The notion that the parameters of identity for a group are defined by what the majority of that group so define is hardly controversial or surprising. To dismiss it as a "straw man" is merely denial.
Okay, so thus, as I said then Reform and Reconstructionist shouldn't be allowed to be called "Judaism".
They are struggling with the commandments, it is true. But at least they believe in one, indivisible God, and they consciously align themselves with Rabbinic Judaism, and not with Christianity.
Halacha was not really established as an all-inclusive set of interpretation until long after the Shammai-Hillel debates and the Sadducee-Pharisee disputes. Even Rabbi Akiva I believe considered Bar Kokhba as the Moshiach or at least called him a "star", what makes his view not heretical in this sense?
The parameters of halachah were in flux through much of the Tannaitic period, but the foundations of it, especially concerning identity, seem to have been set quite early. The Tzedokim (Saducees), Isim (Essenes), Hellenicized Jews, and Shomronim (Samaritans) were all considered heretics from the get-go. And Jewish Gnostics, who claimed Jewish observance, but syncretized their beliefs with a theology of two godheads, were considered outright apostates.
As for Rabbi Akiva, he considered that Bar Kokhba might be the mashiach when Bar Kokhba rose up against the Romans-- taking, by the way, Rabbis as his spiritual advisors, and rejecting heretics-- but when Bar Kokhba failed, Rabbi Akiva acknowledged that he had not, in fact, been the mashiach, because the mashiach will free our people from foreign subjugation and restore the House of David to the throne...which Bar Kokhba had not done.
This makes no sense to what I said. You'd have to prove that Messianic Judaism teaches one to violate the Torah in order to group them in a different class than you'd group the Reconstructionists and Reform. And if you think that Reconstructionists and Reform Rabbis teach their followers to observe all the Mitzvot, I'd like to know which ones do, because I have yet to talk to any that insist on obeying the totality of the commandments.
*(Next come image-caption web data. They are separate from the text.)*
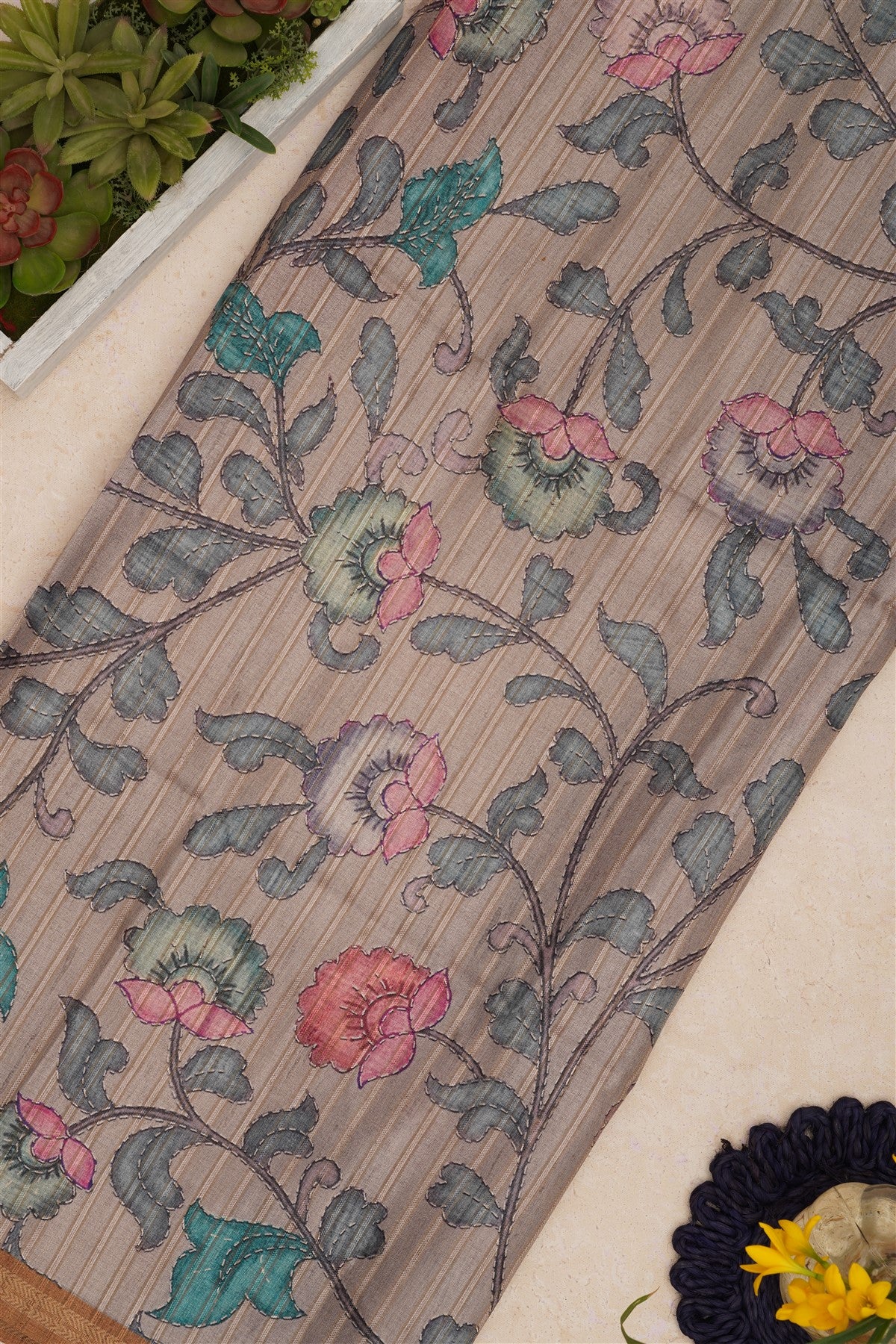 Bhagalpur Tussar Silk Mustard Saree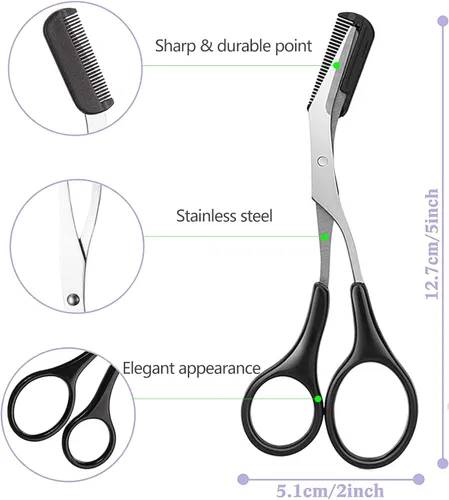 Miniatura 6 de KAJUDA - Tijeras de cejas con peine, tijeras pequeñas de aseo facial para hombres y mujeres, tijeras para cejas, pelo de nariz, bigote, barba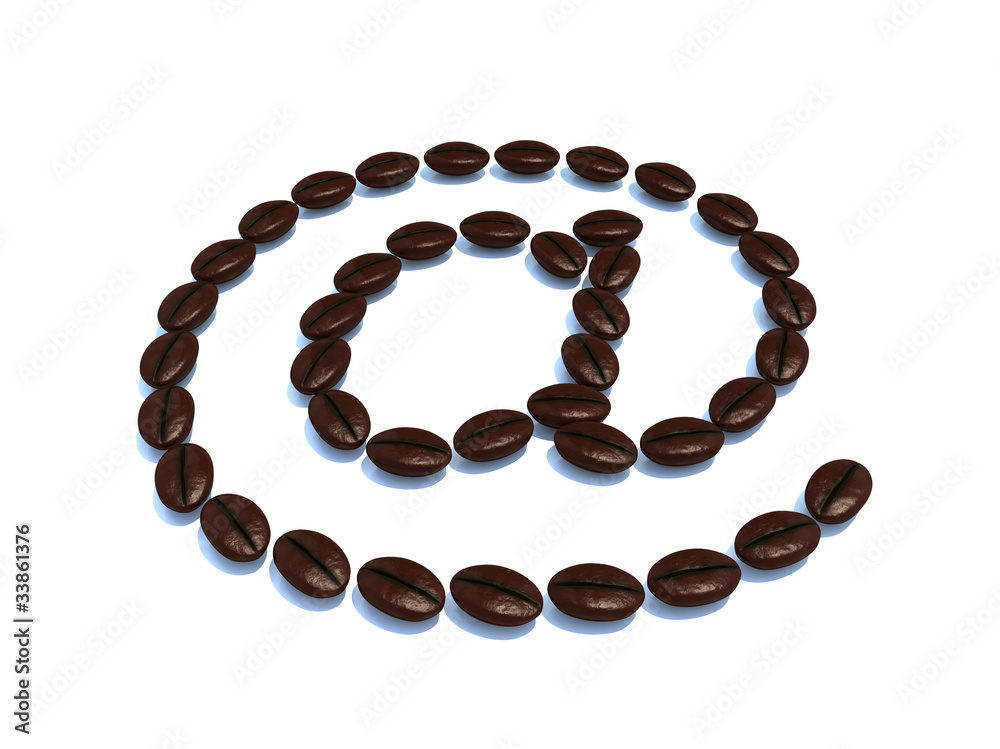 email symbol with coffee beans email symbol with coffee beans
It does violate the Torah, in that it is forbidden worship; and with any movement, heretical or orthodox, the issue is not on whether each and every commandment is taught to be obeyed, but which commandments are violated. Most teachings which verge on heresy are given lattitude; some heresies are rejected but their practitioners are not put in
cherem (excommunication); only those which lead to either assimilation with the non-Jewish community or
avodah zarah (forbidden worship) are rejected utterly, without quarter.
Anything associated with Jesus is the product of non-Jews practicing
avodah zarah. There is not a single extant document which is reliably able to be called an actual record of what Jesus the man truly said and taught. If there were, learning from it might be merely Jewish heresy, and not apostatic in nature. But since there is not, and all materials concerning Jesus and his teachings are the products of non-Jews and apostates, we reject everything associated with him. Not to mention, of course, that the Rabbis explicitly proscribe everything to do with Christianity, and thus its practice violates the Torah, as Oral Torah is just as much Torah as Written Torah.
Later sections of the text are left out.